And who would not draw rejoicing from such a source, who has such love to
Christ that he can at once congratulate his own nature as already immortal in
Christ, and cherish the hope that he himself will yet become so through Christ?
TRACTATE LXXIX.
CHAPTER XIV. 29-31.
1. Our Lord and Saviour, Jesus Christ, had said unto His disciples, "If ye
loved me, ye would surely rejoice, because I go unto the Father; for the
Father is greater than I." And that He so spake in His servant-form, and not in that
of God, wherein He is equal with the Father, is well known to faith as it
resides in the minds of the pious, not as it is reigned by the scornful and
senseless. And then He added, "And now I have told you before it come to pass, that,
when it is come to pass, ye might believe." What can He mean by this, when the
fact rather is, that a man ought, before it comes to pass, to believe that which
demands his belief? For it forms the very encomium of faith when that which is
believed is not seen. For what greatness is there in believing what is seen,
as in those words of the same Lord, when, in reproving a disciple, He said,
"Because thou hast seen, thou hast believed; blessed are they that see not, and yet
believe."(1) And I hardly know whether any one can be said to believe what he
sees; for this same faith is thus defined in the epistle addressed to the
Hebrews: "Now faith is the substance of those that hope,(2) the assurance, of things
not seen." Accordingly, if faith is in things that are believed, and that,
too, in things which are not seen,(4) what mean these words of the Lord, "And now
I have told you before it come to pass, that, when it is come to pass, ye might
believe"? Ought He not rather to have said, And now I have told you before it
come to pass, that ye may believe what, when it is come to pass, ye shall see?

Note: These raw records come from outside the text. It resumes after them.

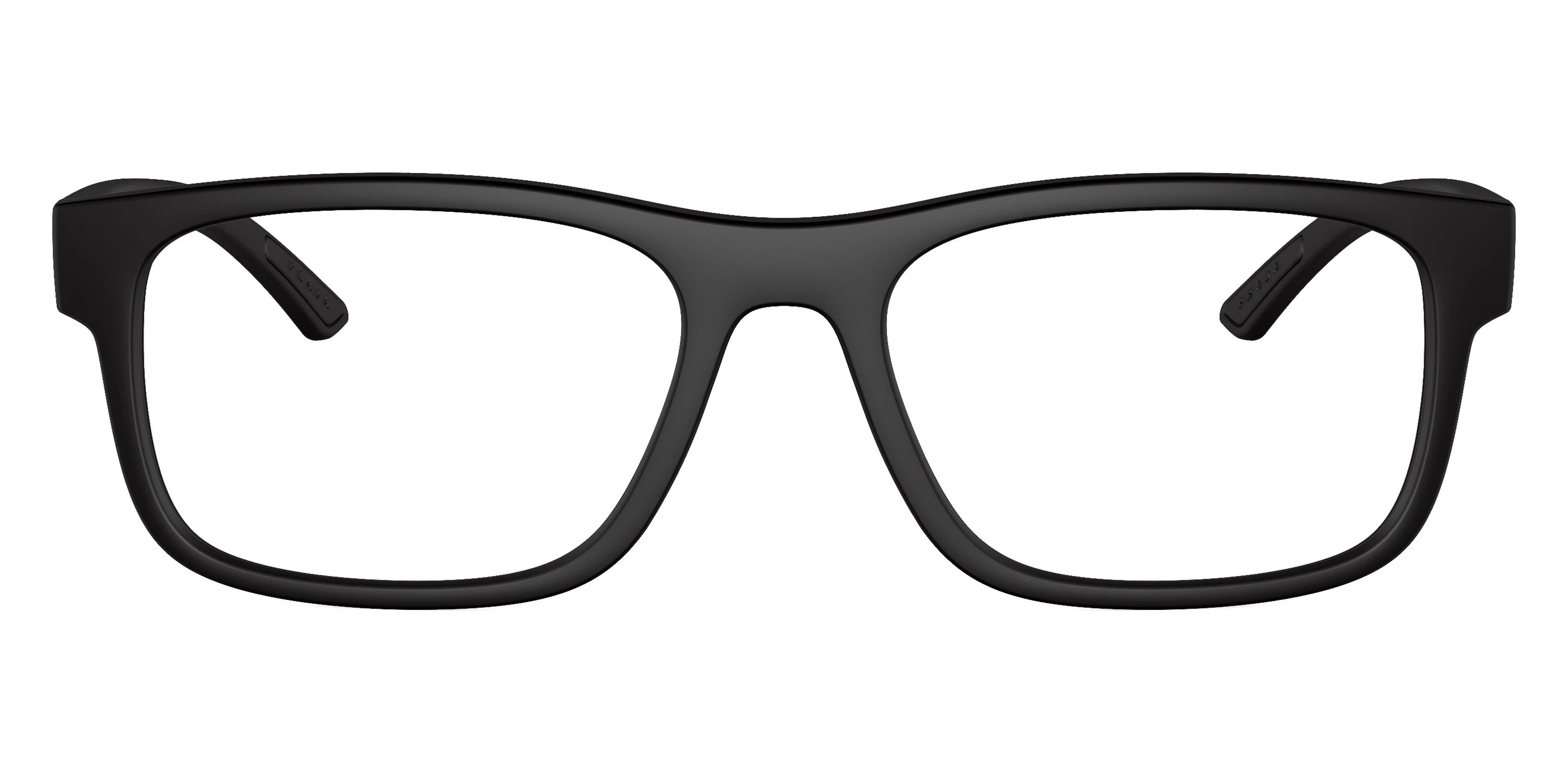 Prada Linea Rossa - PS 04QV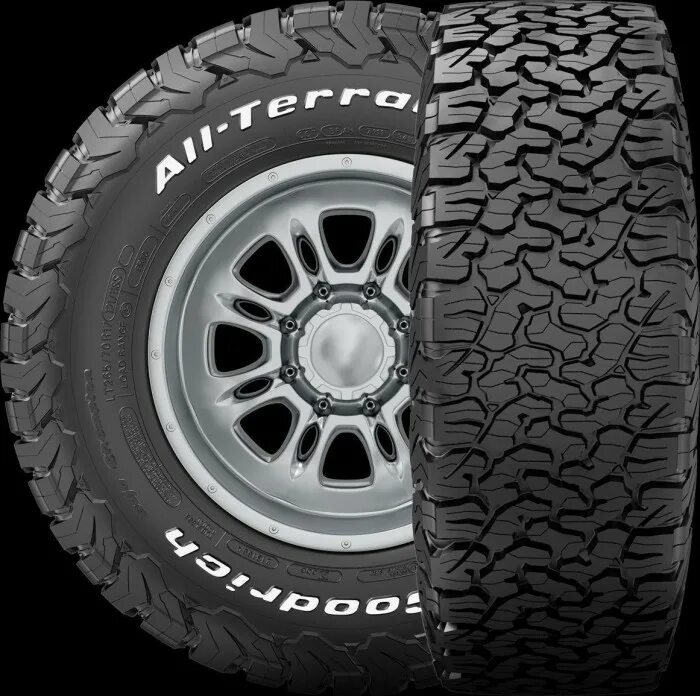 Bfgoodrich all terrain t/a ko2. Bfgoodrich all terrain t/a ko2. Шины bfgoodrich all terrain t/a ko2 265/75 r16 119/116r. Bfgoodrich all-terrain ko2 215/75 r15. Bf all terrain.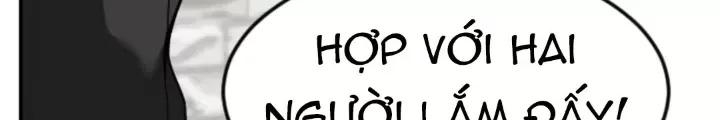 Nhà Đầu Tư Nhìn Thấy Tương Lai Chapter 64 - Trang 2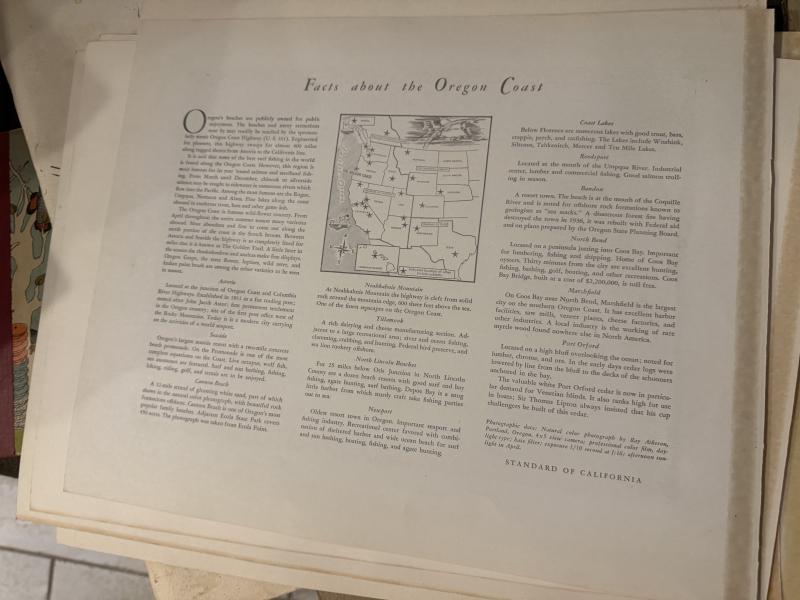 Sale Photo Thumbnail #72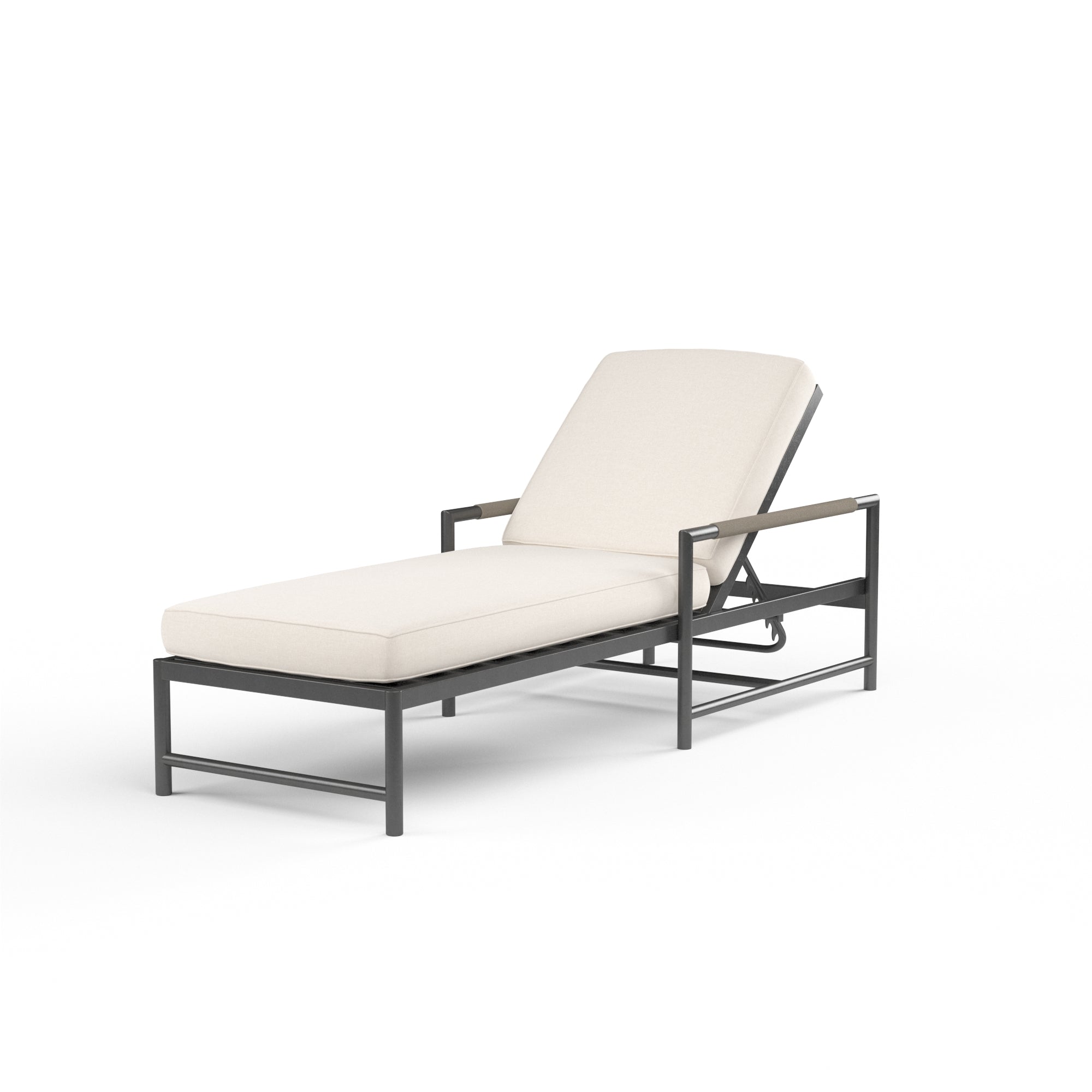 Sunset West Pietra Collection | Graphite - SW4601-9-EASH-STKIT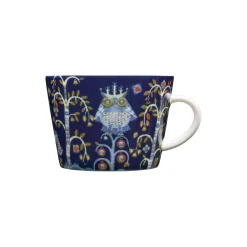 Iittala Kopper & Krus-Taika kop,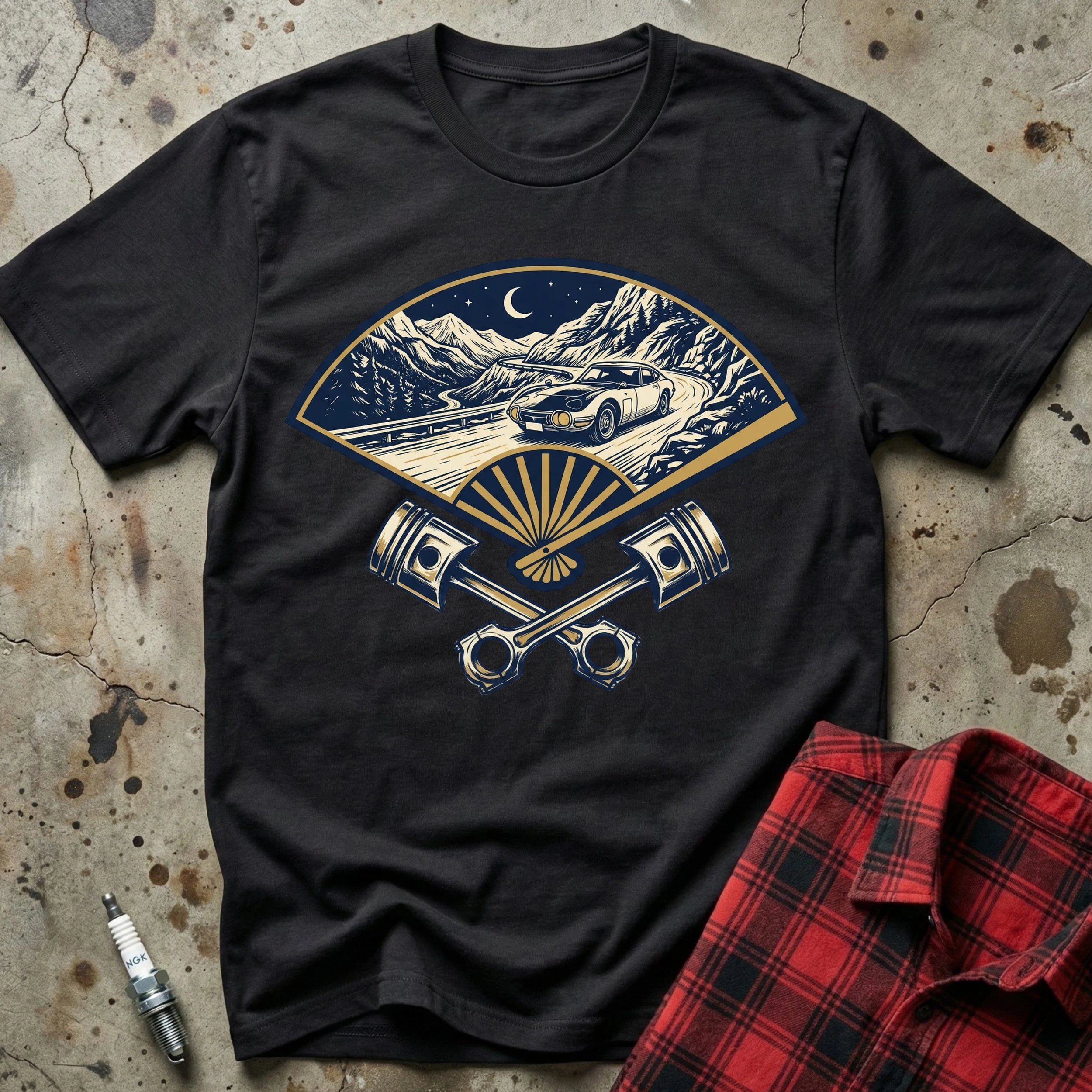 https://wescale-cdn.com/generated-mockups/4597e34e-78b4-46a5-a2ba-3444c6668348/94e25709-13d7-4eda-91ad-41706e937023/e250d4c3-3878-4a5e-a173-d52cd3c149ce_cba7f422-cd9f-4e9f-bbfa-17a199e57425.webp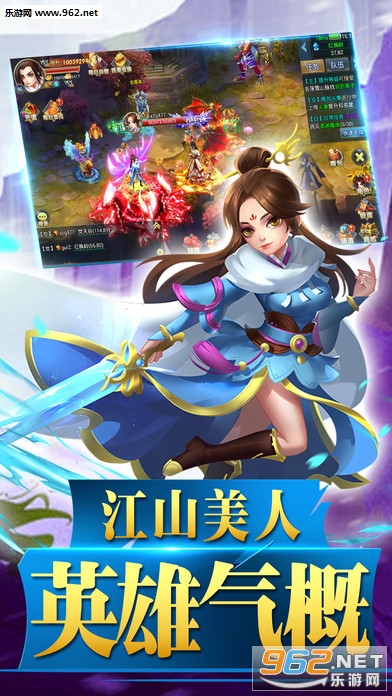 �λ����찲׿���ͼ3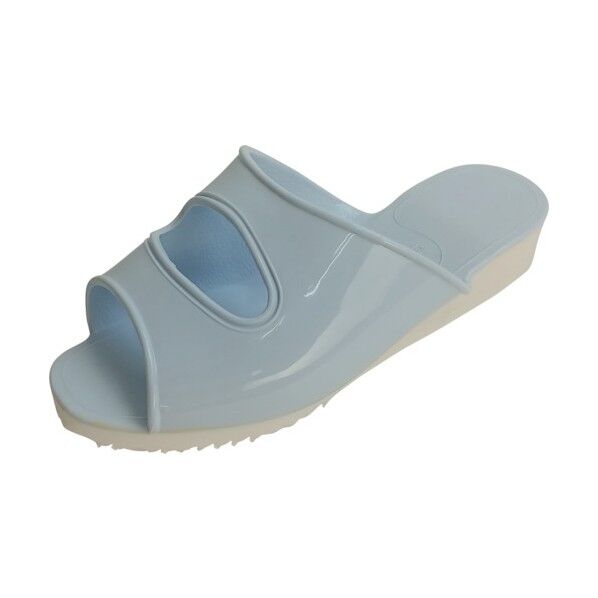 ニューモード 白 7号(24.0~24.5cm) NM-SIRO-7 1点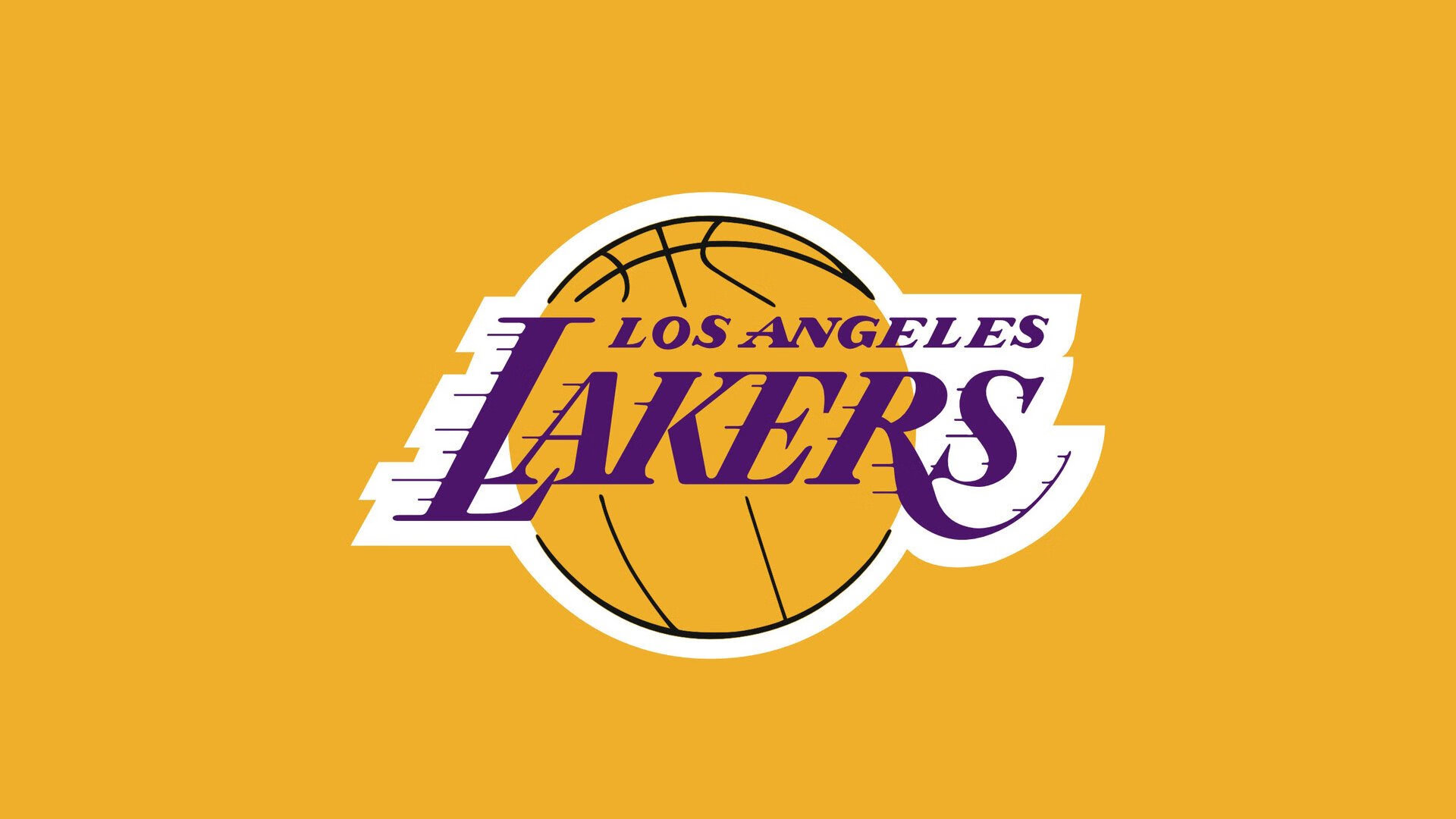 世界杯半决赛:欧洲内战加时绝杀 传统豪门挺进决赛舞台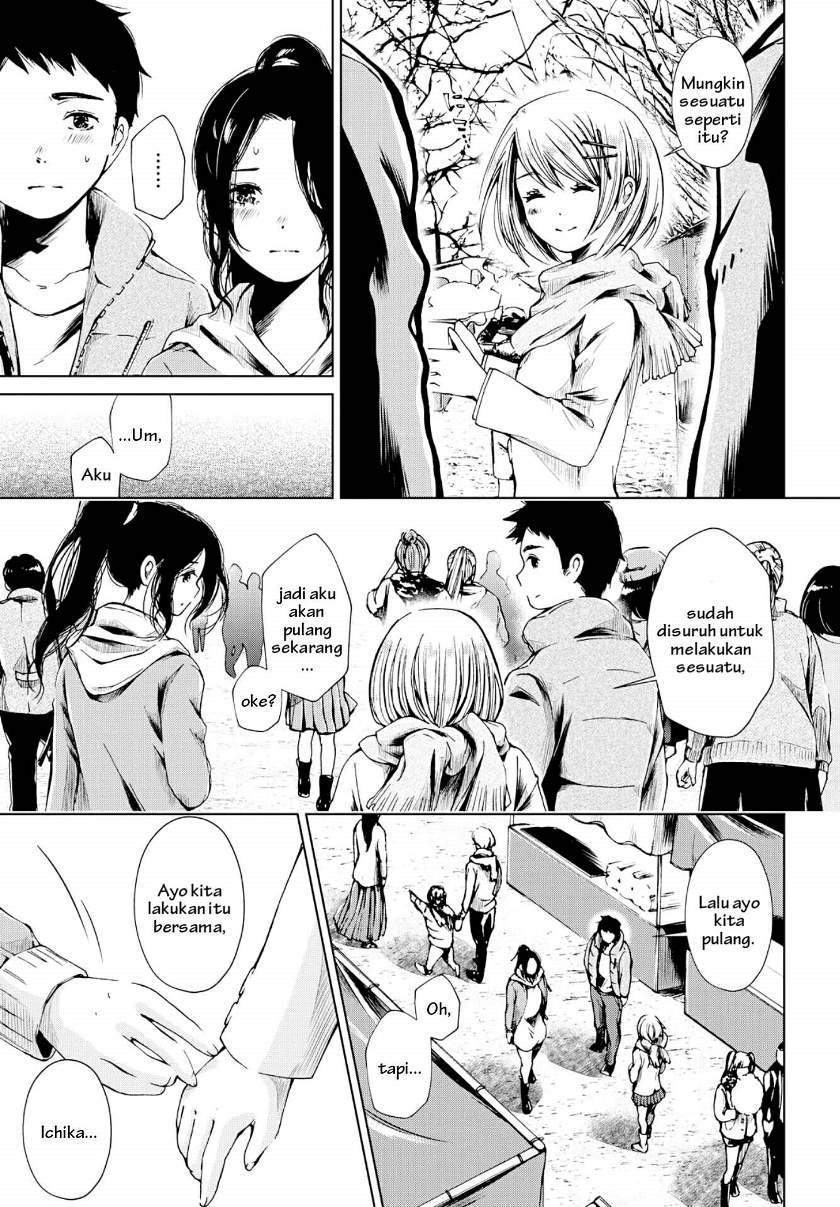 Chapter 2 - halaman 14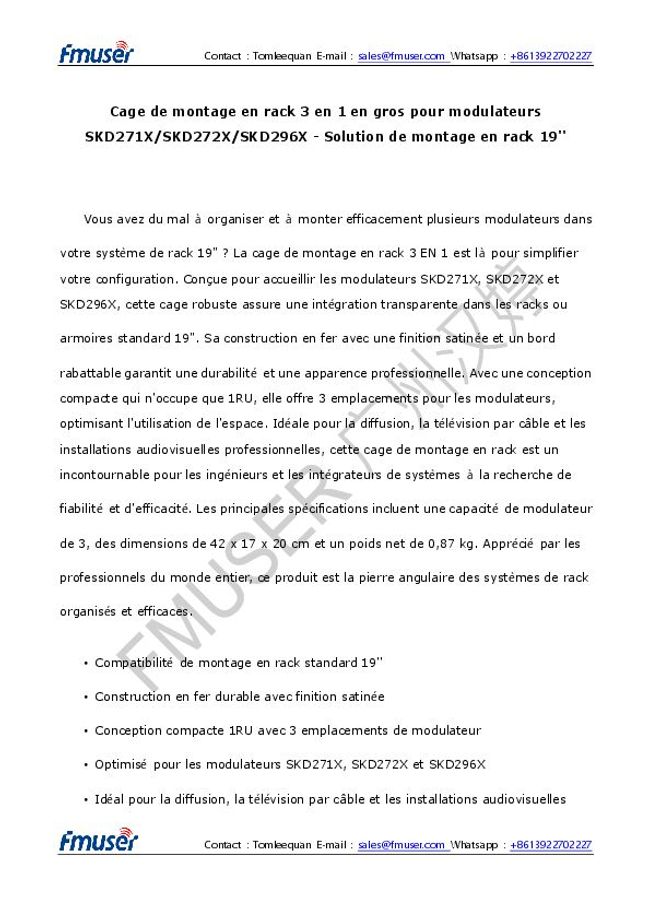 PDF document image preview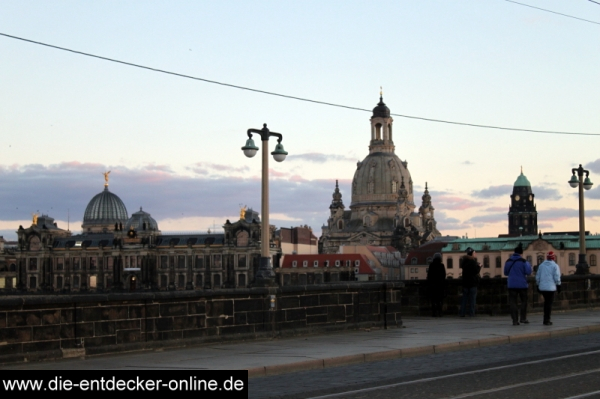 In Dresden_119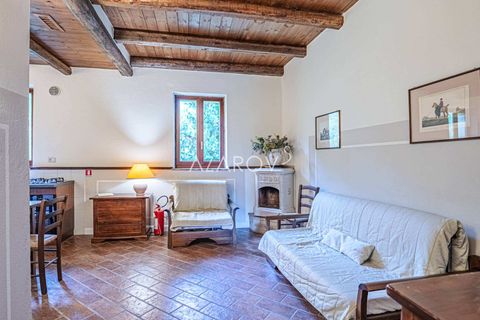 Lejlighed i Perugia, Perugia, Perugia - € 5.500.000 | Ref: 5911 - foto 26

For even he who was told, "Because thou hast seen, thou hast believed," did not
believe only what he saw; but he saw one thing, and believed another: for he
saw Him as man, and believed Him to be God. He perceived and touched the living
flesh, which he had seen in the act of dying, and he believed in the Deity
infolded in that flesh. And so he believed with the mind what he did not see, by
the help of that which was apparent to his bodily senses. But though we may be
said to believe what we see, just as every one says that he believes his own
eyes, yet that is not to be mistaken for the faith which is built up by God in our
souls; but from things that are seen, we are brought to believe in those which
are invisible. Wherefore, beloved, in the passage before us, when our Lord
says,"And now I have told you before it come to pass, that, when it is come to
pass, ye might believe;" by the words, "when it is come to pass," He certainly
means, that they would yet see Him after His death, alive, and ascending to His I
Father; at the sight of which they should then be compelled to believe that He
was indeed the Christ, the Son of the living God, seeing He could do such a
thing, even after predicting it, and also could predict it before He did it: and
this they should then believe, not with a new, but with an augmented faith; or at
least [with a faith] that had been impaired(5) by His death, and was now
repaired(5) by His resurrection. For it was not that they had not previously also
believed Him to be the Son of God, but when His own predictions were actually
fulfilled in Him, that faith, which was still weak at the time of His here
speaking to them, and at the time of His death almost ceased to exist, sprang up again
into new life and increased vigor.
2. But what says He next? "Hereafter I will not talk much with you; for
the prince of this world cometh;" and who is that, but the devil? "And hath
nothing in me;" that is to say, no sin at all. For by such words He points to the
devil, as the prince, not of His creatures, but of sinners, whom He here
designates by the name of this world. And as often as the name of the world is used in
a bad sense, He is pointing only to the lovers of such a world; of whom it is
elsewhere recorded, "Whosoever will be a friend of this world, becomes the enemy
of God."(1) Far be it from us, then, so to understand the devil as prince of
the world, as if he wielded the government of the whole world, that is, of
heaven and earth, and all that is in them; of which sort of world it was said, when
we were lecturing on Christ the Word, "And the world was made by Him."(2) The
whole world therefore, from the highest heavens to the lowest earth, is subject
to the Creator, not to the deserter; to the Redeemer, not to the destroyer; to
the Deliverer, not to the enslaver; to the Teacher, not to the deceiver. And in
what sense the devil is to be understood as the prince of the world, is still
more clearly unfolded by the Apostle Paul, who, after saying, "We wrestle not
against flesh and blood," that is, against men, went on to say, "but against
principalities and powers, and the world-rulers of this darkness."(3) For in the
very next word he has explained what he meant by "world," when he added, "of
this darkness;" so that no one, by the name of the world, should understand the
whole creation, of which in no sense are fallen angels the rulers. "Of this
darkness," he says, that is, of the lovers of this world: of whom, nevertheless,
there were some elected, not from any deserving of their own, but by the grace of
God, to whom he says, "Ye were sometimes darkness; but now are ye light in the
Lord."(4) For all have been under the rulers of this darkness, that is, [under
the rulers] of wicked men, or darkness, as it were, in subjection to darkness:
but "thanks be to God, who hath delivered us," says the same apostle, "from the
power of darkness, and hath translated us into the kingdom of the Son of His
love."(5) And in Him the prince of this world, that is, of this darkness, had
nothing; for neither did He come with sin as God, nor had His flesh any
hereditary taint of sin in its procreation by the Virgin. And, as if it were said to
Him, Why, then, dost Thou die, if Thou hast no sin to merit the punishment of
death? He immediately added, "But that the world may know that I love the Father,
and as the Father gave me commandment, even so I do: arise, let us go hence."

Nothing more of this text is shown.